My hon. Friend touches on a really important point. One of the groups who have been systematically murdered is ex-members of FARC. The signal that that gives to others is that making peace is potentially the wrong road; it encourages people to go back into the jungle and take up arms again. That is the wrong message. There has to be action by any Colombian Government on that.
I thank my hon. Friend for his intervention, and I completely concur.
The early part of this year makes for very grim reading. The murder of Jorge Santofimio, the former FARC fighter turned environmentalist, was harrowing. The number of former FARC combatants killed since 2016 is now over 300. More than 900 social leaders have been killed since the peace agreement was signed in 2016. In the first three months of 2022, 48 social activists and 11 former FARC combatants have been killed, and 27 massacres have taken place. It goes without saying that if those who laid down their arms feel that they are not afforded protection, there is a risk that they will take up arms again. My hon. Friend the Member for Rochdale (Tony Lloyd) made that point very well.
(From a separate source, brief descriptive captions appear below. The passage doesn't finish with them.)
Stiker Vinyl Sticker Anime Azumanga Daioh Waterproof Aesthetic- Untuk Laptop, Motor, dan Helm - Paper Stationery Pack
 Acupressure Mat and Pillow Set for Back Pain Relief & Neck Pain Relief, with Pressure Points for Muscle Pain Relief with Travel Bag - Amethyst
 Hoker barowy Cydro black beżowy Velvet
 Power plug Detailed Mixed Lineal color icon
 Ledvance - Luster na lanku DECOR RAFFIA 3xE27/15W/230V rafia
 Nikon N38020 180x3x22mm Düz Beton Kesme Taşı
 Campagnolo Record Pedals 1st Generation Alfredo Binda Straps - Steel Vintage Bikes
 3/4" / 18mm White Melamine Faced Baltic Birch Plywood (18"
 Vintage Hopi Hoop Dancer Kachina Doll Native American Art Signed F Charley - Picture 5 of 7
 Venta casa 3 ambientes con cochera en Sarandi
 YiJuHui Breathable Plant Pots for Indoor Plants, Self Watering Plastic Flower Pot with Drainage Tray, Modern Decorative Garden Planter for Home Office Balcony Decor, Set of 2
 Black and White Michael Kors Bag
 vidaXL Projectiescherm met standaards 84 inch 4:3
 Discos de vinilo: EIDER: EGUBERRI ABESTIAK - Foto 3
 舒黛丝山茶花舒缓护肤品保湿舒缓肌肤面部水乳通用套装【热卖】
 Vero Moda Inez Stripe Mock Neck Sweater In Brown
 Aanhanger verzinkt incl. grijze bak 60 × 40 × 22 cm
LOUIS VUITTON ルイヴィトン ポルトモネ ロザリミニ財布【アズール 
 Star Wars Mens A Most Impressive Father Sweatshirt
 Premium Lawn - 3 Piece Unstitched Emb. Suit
Lord Ahmad of Wimbledon, at the UN Security Council briefing on Colombia, called on the Colombian Government
“to continue to expand its efforts to provide adequate protection and security, improve state presence in conflict-affected areas…and strengthen the institutions that can investigate and prosecute those responsible for these crimes.”
I must also note the murder of the indigenous leader Miller Correa on 14 March this year. Only eight days prior to his death Miller was named alongside other activists in a threat signed by a group identifying itself as the far-right Black Eagles. It was a great loss, and many other leaders now face increased threats. Perhaps the UK Government could obtain clarity from the Colombian Government about why authorities have withdrawn the security detail from indigenous Senator-elect and human rights defender Aída Quilcué, after she faced similar threats to those made about the murdered Correa, again by the Black Eagles. The same Black Eagles group is now making threats against progressive political forces in the historic pact—most recently, Francia Márquez, who is the frontrunner to secure the vice-presidency in May.
In summary, in the run-up to May’s presidential elections, the Colombian Government must step up in defence of the peace process; expand the security afforded to those participating in the process; commit to protect religious, indigenous, sexual, trade union and labour rights; and, without question, accept the outcome of May’s election. The UK Government must aid the Colombian Government in those aims, if they are sincere in pursuing them, and must without question support any new Government that is elected in May.
If Members speak for about seven months—[Laughter.] Seven minutes! I know that Mr Shannon may be there for us. If you speak for about seven minutes, all your colleagues will get the opportunity to have their say, and the Front Benchers will have 10 minutes.